There are various ways to show the direct sum $$U\oplus V$$ spans $$\mathbb R^3$$. But it depends on what facts you know about $$\mathbb R^3$$ in particular and about vector spaces in general.

If you can find vectors $$u\in U$$ and $$v\in V$$ so that $$u+v = (1,0,0)$$, and similarly for $$(0,1,0)$$ and $$(0,0,1),$$ then you can construct a basis of $$\mathbb R^3$$ in $$U\oplus V$$.

Alternatively, if you know that the dimension of a direct sum of subspaces must be the sum of the dimensions of the two subspaces, you can show that the dimension of $$U\oplus V$$ is $$3$$. If you also know that a direct sum of subspaces is a subspace of the same vector space and that the only subspace of the same dimension as a vector space is the vector space itself, you then can show that $$U\oplus V = \mathbb R^3$$.

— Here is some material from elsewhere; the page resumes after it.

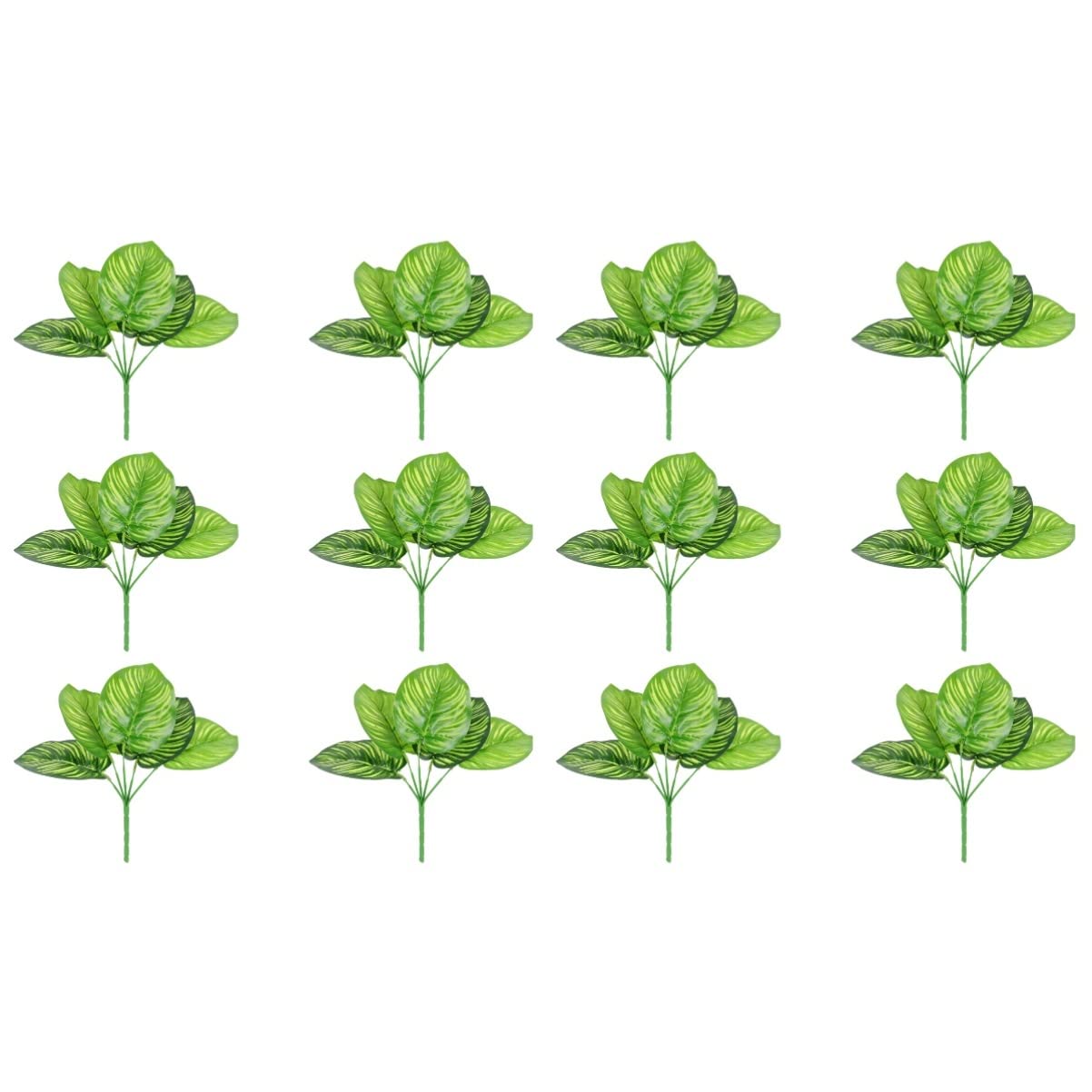 Yardwe 12 Pack Artificial Calathea Plants - Realistic Fake Potted Plants with Pinstripe Fiddle Leaf - Home Office Decor, Wedding Centerpieces, Shelf Display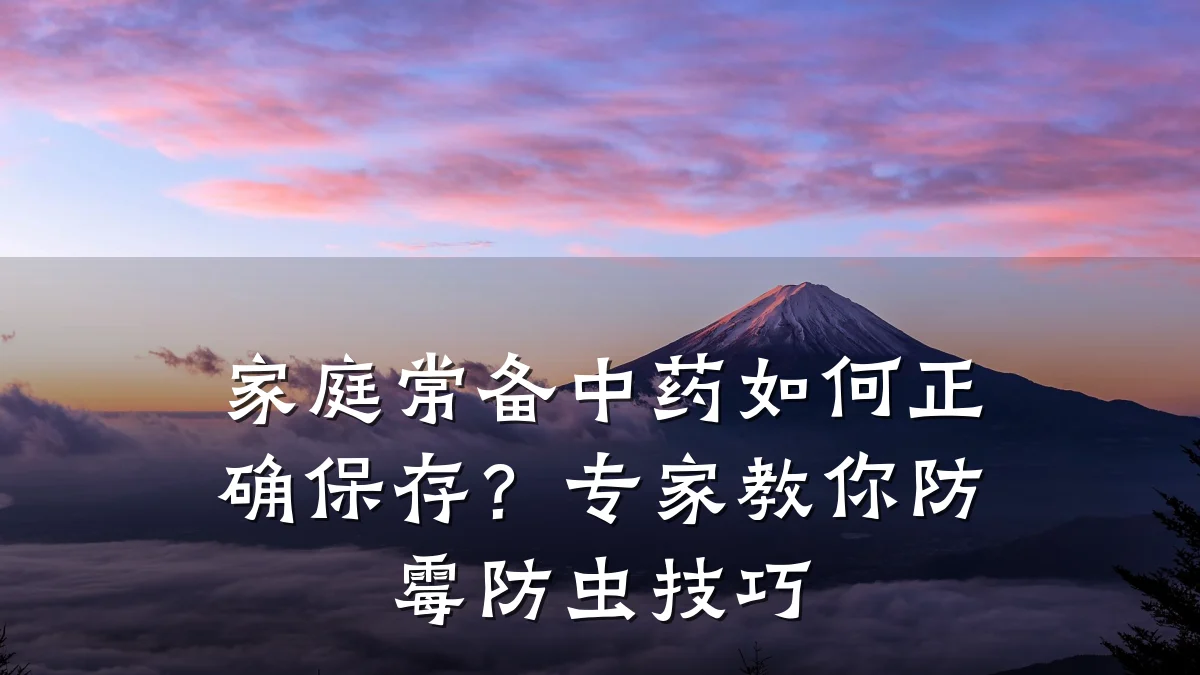 家庭常备中药如何正确保存？专家教你防霉防虫技巧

For (ii), again if you know the dimension of a direct sum of subspaces must be the sum of the dimensions of the two subspaces, then if you can just show that the sum of $$U$$ and $$W$$ is $$\mathbb R^3$$ you already know the sum is not direct. But you can also show it is not direct by exhibiting a non-zero vector (one vector is enough) that is in both $$U$$ and $$W$$.

To prove that $$U + W = \mathbb R^3$$ you could exhibit pairs of vectors that add to $$(1,0,0)$$, $$(0,1,0)$$, and $$(0,0,1),$$ respectively. Alternatively, you could exhibit a vector in $$W$$ that is not in $$U,$$ thereby showing that $$U + W$$ has a higher dimension than $$U,$$ therefore at least dimension $$3$$; and again some of the facts from before will lead to the conclusion that the sum can only be $$\mathbb R^3$$ itself.

The other answer presents additional methods and they are all good too.